Microsoft Surface Pro 4 Dopo 30 giorni di utilizzo le considerazioni iniziali sono rimaste grossomodo le stesse. Con certi cataloghi il rendering dell’anteprima delle immagini è lento — specie con Capture One — e ogni tanto la tastiera non viene riconosciuta ma risolvo velocemente “staccandola” e “riattaccandola”, oltre alla necessità — tipica di Windows — di riavviare ogni tanto il terminale per velocizzare il funzionamento delle applicazioni.

Va comunque dato atto che il terminale si avvia in meno di 15 secondi quindi non era un problema! Fin qualche anno fa ero abituato ad accendere il computer e poi andar a bere un caffè intanto che si avviava.

Va tenuto in considerazione però che consuma un sacco di batteria. L’autonomia è veramente bassa, ma se avete un alimentatore a portata di mano non ci sono problemi.

COSA NE PENSO

Se devo essere sincero mi aspettavo un terminale molto più potente di quello che mi sono trovato in mano, ma forse è anche perché ho sempre usato Mac che tendenzialmente sfrutta molte meno risorse.

Alla domanda “è un terminale adatto per l’uso fotografico e fotografi in genere?” direi comunque di SI.

Windows 10 ha fatto letteralmente un gran passo in avanti rispetto al “windows” al quale siamo sempre stati abituati. Ora il sistema operativo è piuttosto stabile, non è complesso da usare e in molte cose è anche più pratico rispetto al tanto rinomato sistema operativo Apple.

Nonostante persistano alcune lacune tipiche del sistema (rallentamenti, necessità di qualche riavvio ogni tanto ecc…) il tutto viene compensato dall’estrema efficacia della penna grafica da utilizzare sullo schermo touch. In ambito fotografico il poter operare direttamente sull’immagine è una cosa strepitosa!

L’unica vera nota dolente che devi tenere in considerazione se sei interessato al prodotto è l’autonomia.

Il Surface Pro 4 come ho già detto prima non gode di una buona autonomia visto che le sue ventole di raffreddamento si attivano molto spesso quando si elaborano le foto e questo determina un consumo maggiore di energia. Se da un lato questo è un problema “minore” perché in fondo per la maggioranza dei casi abbiamo sempre una presa di corrente a portata di mano, dall’altro lato però il loro attacco proprietario ne rende impossibile l’uso dei PowerBank generici!

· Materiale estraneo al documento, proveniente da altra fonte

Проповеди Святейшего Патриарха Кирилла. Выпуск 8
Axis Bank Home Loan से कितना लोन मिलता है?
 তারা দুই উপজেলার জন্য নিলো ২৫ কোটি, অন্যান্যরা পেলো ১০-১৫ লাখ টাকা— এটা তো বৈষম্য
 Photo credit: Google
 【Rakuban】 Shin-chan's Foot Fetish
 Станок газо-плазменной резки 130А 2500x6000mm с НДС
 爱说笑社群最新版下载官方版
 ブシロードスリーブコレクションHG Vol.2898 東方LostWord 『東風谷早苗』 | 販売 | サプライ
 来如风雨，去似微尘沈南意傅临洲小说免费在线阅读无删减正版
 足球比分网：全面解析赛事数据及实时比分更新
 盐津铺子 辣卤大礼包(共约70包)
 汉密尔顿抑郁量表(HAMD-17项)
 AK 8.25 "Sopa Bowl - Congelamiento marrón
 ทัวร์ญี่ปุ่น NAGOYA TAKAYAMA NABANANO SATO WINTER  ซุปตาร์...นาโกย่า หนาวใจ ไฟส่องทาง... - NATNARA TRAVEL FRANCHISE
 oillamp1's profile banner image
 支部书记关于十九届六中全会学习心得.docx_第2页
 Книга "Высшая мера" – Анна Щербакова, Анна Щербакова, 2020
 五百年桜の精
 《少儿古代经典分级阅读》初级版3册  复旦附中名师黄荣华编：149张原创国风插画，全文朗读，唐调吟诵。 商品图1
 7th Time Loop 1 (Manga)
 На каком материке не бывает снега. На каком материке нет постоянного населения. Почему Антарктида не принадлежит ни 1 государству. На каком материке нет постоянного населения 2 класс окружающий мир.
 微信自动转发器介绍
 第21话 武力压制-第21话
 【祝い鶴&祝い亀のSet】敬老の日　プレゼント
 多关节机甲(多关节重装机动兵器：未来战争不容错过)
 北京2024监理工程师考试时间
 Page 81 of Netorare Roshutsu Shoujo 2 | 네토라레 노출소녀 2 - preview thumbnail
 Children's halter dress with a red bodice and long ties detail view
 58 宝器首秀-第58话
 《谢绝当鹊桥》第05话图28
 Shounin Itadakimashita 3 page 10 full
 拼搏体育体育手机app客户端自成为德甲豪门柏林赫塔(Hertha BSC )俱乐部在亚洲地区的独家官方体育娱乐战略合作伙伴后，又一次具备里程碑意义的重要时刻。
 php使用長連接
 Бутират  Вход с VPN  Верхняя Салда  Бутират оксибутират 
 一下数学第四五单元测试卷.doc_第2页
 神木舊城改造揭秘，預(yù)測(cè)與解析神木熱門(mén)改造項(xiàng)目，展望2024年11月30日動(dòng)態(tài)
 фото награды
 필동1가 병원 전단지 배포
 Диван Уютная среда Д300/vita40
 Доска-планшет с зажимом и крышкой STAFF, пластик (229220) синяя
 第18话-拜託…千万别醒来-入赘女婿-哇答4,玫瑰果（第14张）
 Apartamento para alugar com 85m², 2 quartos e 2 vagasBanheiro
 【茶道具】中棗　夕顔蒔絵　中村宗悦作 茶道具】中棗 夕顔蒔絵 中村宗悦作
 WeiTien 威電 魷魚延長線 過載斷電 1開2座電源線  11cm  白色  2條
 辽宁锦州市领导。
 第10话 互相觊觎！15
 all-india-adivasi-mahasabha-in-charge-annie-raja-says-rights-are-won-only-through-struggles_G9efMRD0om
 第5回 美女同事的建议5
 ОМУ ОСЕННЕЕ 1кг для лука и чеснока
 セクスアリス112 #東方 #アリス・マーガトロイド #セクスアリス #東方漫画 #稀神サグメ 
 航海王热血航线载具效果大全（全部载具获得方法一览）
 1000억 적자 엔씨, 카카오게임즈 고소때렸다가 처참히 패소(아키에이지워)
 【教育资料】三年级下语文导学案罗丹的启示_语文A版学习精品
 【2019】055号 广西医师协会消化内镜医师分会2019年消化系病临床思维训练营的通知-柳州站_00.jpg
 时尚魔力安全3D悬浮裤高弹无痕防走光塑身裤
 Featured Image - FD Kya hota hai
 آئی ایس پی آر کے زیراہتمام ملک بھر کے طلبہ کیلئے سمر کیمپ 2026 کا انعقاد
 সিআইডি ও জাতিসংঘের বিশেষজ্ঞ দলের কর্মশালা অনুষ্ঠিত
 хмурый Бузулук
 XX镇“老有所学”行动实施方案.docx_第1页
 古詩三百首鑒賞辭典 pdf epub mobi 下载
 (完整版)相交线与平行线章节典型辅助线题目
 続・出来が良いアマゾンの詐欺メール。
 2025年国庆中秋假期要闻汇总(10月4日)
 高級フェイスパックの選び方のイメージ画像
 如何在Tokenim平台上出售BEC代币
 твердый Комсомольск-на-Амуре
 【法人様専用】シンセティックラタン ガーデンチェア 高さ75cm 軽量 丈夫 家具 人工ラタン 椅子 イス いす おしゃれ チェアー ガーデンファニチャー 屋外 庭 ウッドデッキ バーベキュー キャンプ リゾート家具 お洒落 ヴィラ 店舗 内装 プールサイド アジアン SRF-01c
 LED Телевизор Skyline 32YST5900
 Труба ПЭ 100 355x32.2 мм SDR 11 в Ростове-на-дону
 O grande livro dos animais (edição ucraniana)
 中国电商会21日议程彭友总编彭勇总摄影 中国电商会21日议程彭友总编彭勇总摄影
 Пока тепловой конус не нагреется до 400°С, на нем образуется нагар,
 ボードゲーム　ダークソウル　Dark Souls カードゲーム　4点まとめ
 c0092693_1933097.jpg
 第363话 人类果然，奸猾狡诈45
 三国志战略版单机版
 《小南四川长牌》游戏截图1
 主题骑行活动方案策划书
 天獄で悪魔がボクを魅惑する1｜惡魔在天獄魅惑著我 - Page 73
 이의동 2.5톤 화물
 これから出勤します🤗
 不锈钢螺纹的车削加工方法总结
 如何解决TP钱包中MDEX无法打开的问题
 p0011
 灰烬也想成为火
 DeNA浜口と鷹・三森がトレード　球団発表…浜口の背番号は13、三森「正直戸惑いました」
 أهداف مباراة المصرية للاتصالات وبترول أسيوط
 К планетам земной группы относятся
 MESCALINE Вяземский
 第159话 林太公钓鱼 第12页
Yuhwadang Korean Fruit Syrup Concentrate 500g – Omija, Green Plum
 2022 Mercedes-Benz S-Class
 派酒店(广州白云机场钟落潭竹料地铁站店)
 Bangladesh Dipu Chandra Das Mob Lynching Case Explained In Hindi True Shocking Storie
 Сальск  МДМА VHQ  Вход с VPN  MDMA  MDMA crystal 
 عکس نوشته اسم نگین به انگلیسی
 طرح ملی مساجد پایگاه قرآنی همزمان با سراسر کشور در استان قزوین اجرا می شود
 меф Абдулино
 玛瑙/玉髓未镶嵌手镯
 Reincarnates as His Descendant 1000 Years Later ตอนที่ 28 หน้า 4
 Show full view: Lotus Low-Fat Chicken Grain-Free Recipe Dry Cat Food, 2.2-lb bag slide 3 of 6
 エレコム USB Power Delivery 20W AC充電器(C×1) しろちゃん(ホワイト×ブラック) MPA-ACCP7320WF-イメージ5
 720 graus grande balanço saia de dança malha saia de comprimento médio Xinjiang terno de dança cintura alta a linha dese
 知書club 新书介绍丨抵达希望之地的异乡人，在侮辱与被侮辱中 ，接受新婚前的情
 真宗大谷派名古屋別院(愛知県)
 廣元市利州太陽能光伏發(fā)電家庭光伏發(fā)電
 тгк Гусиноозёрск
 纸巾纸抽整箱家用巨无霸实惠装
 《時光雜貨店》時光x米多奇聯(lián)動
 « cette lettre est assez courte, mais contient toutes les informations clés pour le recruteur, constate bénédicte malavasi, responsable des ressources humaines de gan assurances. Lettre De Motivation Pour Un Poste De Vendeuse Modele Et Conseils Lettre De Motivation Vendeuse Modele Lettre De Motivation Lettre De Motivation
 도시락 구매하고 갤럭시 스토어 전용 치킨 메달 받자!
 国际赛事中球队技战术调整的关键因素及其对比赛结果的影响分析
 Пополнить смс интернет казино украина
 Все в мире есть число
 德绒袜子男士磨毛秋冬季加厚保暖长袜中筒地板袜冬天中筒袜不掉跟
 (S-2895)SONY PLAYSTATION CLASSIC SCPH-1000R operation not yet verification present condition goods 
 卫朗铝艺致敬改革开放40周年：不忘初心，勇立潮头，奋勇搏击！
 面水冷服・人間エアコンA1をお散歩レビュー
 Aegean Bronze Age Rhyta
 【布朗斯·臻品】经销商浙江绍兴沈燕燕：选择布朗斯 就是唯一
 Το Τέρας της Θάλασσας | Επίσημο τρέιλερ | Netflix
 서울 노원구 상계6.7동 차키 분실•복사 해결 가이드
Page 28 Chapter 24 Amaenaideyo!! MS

Microsoft Surface Pro 4 Questo è per me il difetto più grave. Non aver previsto un cavo che permetta di sfruttare i PowerBank tramite USB è molto limitativo e non ho trovato nessuna soluzione, nemmeno dai produttori di accessori compatibili quindi presumo sia proprio una limitazione Hardware.

Definito questo, se usare Windows per te non è una novità e l’autonomia non è un problema fondamentale, allora è il tuo terminale ideale. Forse ancora meglio sarebbe il SurfaceBook (foto sopra) che risolverebbe il problema dell’autonomia, ma in Italia non è ufficialmente venduto (Perché?!).

Se sei un utente Apple ed i nuovi prezzi dei MacBook ti hanno fatto venire un infarto tanto da valutare l’idea di passare a Windows, beh… a parte qualche tipicità di Windows che come utente Apple non sei abituato ad affrontare, per il resto sono sicuro che questo Surface Pro 4 ti piacerà moltissimo.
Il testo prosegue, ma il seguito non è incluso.